On the same phrase (でもこの年になって) used to test KanjiTomo, SmartOCR managed to read them flawlessly. The overall performance, however, is a different story. As shown in the following table, the success rate is merely 60%.
Recapitulation | Total | Kanji | Kana | Others |
---|---|---|---|---|
Total chars | 299 | 80 | 182 | 37 |
Not Detected | 103 | 17 | 60 | 26 |
Wrong Detection | 15 | 6 | 4 | 5 |
Recognized | 181 | 57 | 118 | 6 |
Success Rate | 60% | 71% | 65% | 16% |
Another flaw: SmartOCR always failed to detect double punctuation marks (!! and !?) - granted, some are quite close to the marks.
List of invalid detection, with the format actual (wrong) | ||||||
---|---|---|---|---|---|---|
Kanji | 買 (ロ) | 動 (助) | 園 (口) | 懐 (凄) | 菜 (渠) | 二 (」」) |
Kana | え (乳) | が (桝) | お (靖) | は (ば) | ||
Others | !! (11日) | !! (岬) | !! (11H) | !? (17) | !? (盟) |
- Title of 2nd 4koma is big and clear; how could it read 懐(凄) wrongly?
- Repeated phrase (動物園) in 1st 4koma.
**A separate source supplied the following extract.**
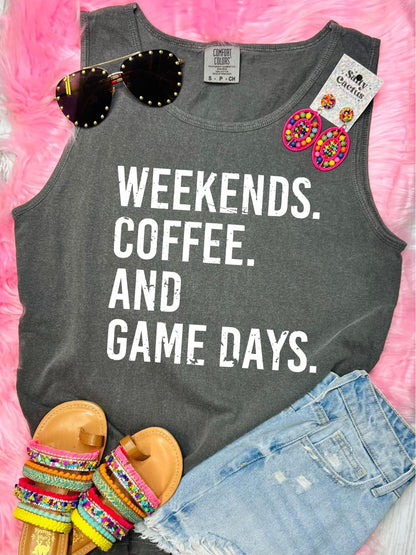 Weekends, Coffee, Baseball/Game Day/Take Kids to Sports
It was correct the 1st time, yet on the next recurrences it failed: 動(助) and 園(口).
Prior to language pack installation, JWPce (in WinXP) works with UTF-8. I can type here, save it as txt file and open it in another box (Windows 7). After installation, everything work with Shift-JIS. No matter what I do newer txt file is unreadable in Windows 7.
KanjiTomo Redux
Previously, I accepted all the 口 from KanjiTomo, save them as txt file and open them in Windows 7. This method produced 5/9 detection rate.After language pack installation I can see the default selection as well as other alternatives in the list.
Steps to Test:
Using the same test data as SmartOCR Lite
- Read all that detected incorrectly by SmartOCR
- Read (random picks) those unreadable by SmartOCR
- Read (random picks) those detected correctly by SmartOCR.
Result
From 15 invalid detection, お always got 七 as "best fit" even though お was listed as an alternative. Kanjimoto always failed to detect double punctuation marks (!! and !?) as well; but the other 9 were detected correctly.
Those unreadable by SmartOCR were detected correctly by KanjiMoto.Those detected correctly by SmartOCR were detected correctly by KanjiMoto as well.
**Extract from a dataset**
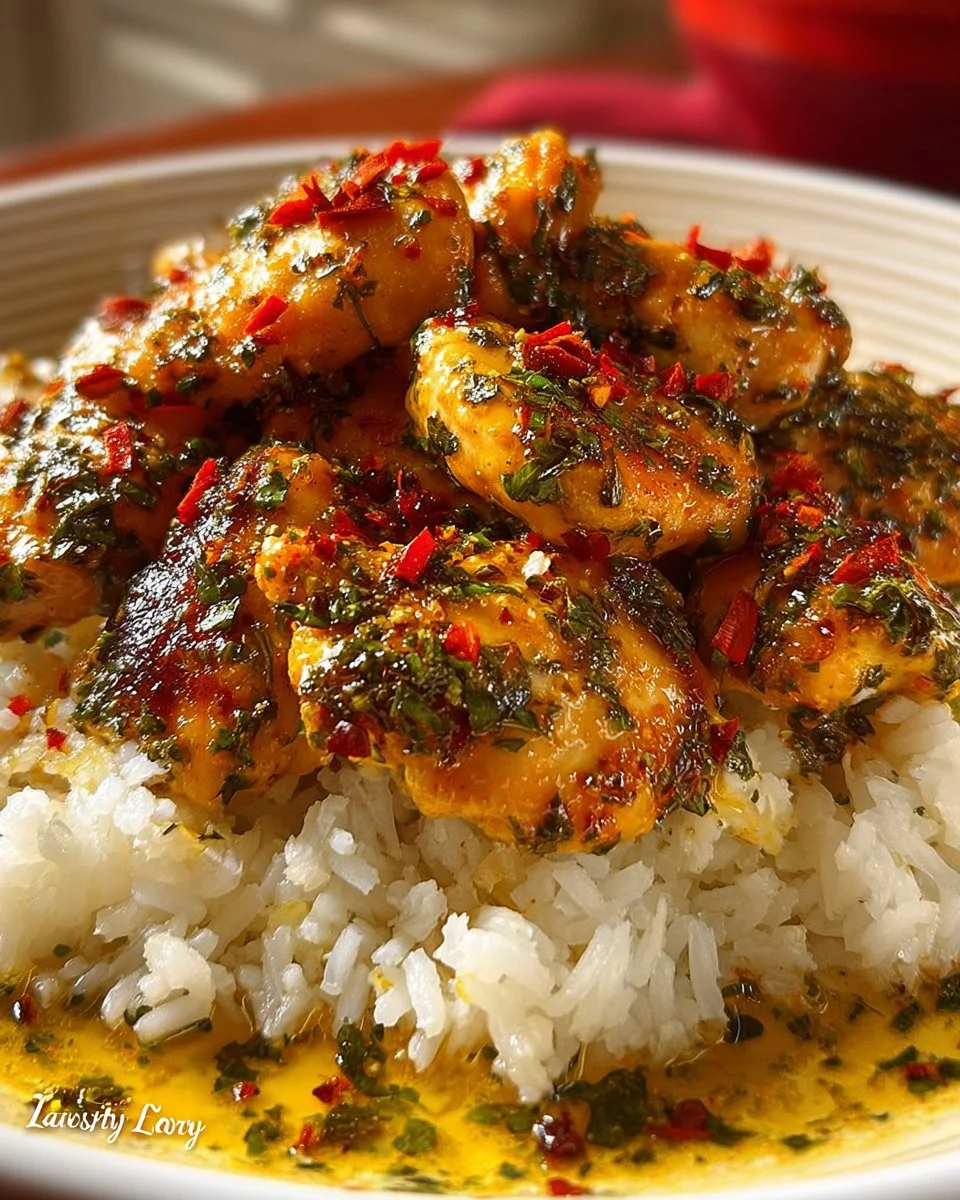Chicken Scampi With Garlic Parmesan Rice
KanjiMoto OCR engine has better detection capability - considering caveats below.
Caveats
Character selection in KanjiMoto is fragile. Precision in click-n-drag is paramount.
Sometimes single character can be detected as 2 characters. Other times (and this is the worst) different boxing yields different character. Refer to the image on the side. Observe how the 2nd attempt (with tight boxing) produces correct character while the first attempt (with almost equal spacing on all sides; box doesn't intersect neighboring character) produces wrong character.
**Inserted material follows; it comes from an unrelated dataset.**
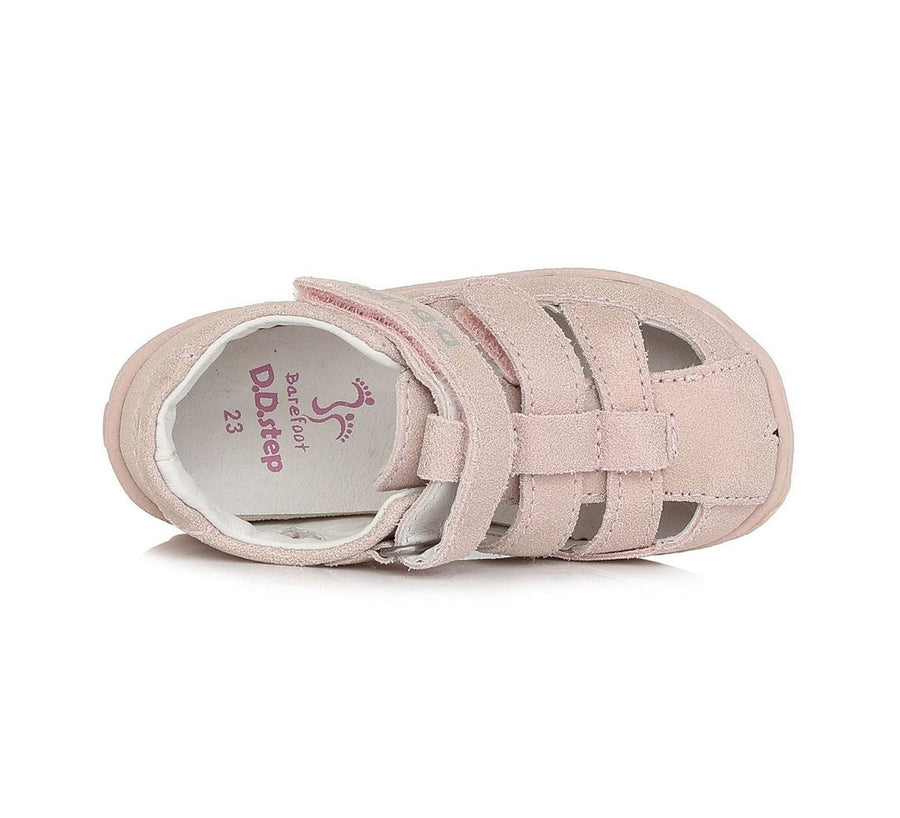 D.D.step girls barefoot leather sandals /Pink G077-360M_61.jpg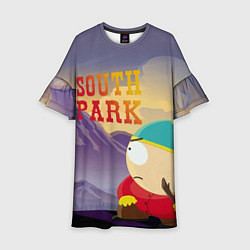 Платье клеш для девочки South Park Картмен, цвет: 3D-принт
To clarify: it's not about tightness. Simply that different boxing may yield different characters. In fact for this particular character getting the wrong result is harder than getting the correct one.
I got the impression this application relies on dictionary to guess some characters. If I box 3 characters that form a phrase/meaning I'd got that phrase. On the other hand, if I box 2 characters that doesn't form any, the default for 1st &/ 2nd characters may be wrong or blank.
Conclusion
For quick and dirty processing, SmartOCR Lite is the clear winner among 3 participants; however, considering its weakness, it is better fit to process a textbook with plain font. Applying binarization (aka thresholding) from Capture2Text may increase success rate a bit, but I doubt the underlying OCR engine can properly process thick-rounded fonts as per test data above.For accuracy KanjiMoto is the clear winner.
Considering the hassle of KanjiMoto, the recommended way is to use SmartOCR first followed by KanjiMoto to fill in the blanks.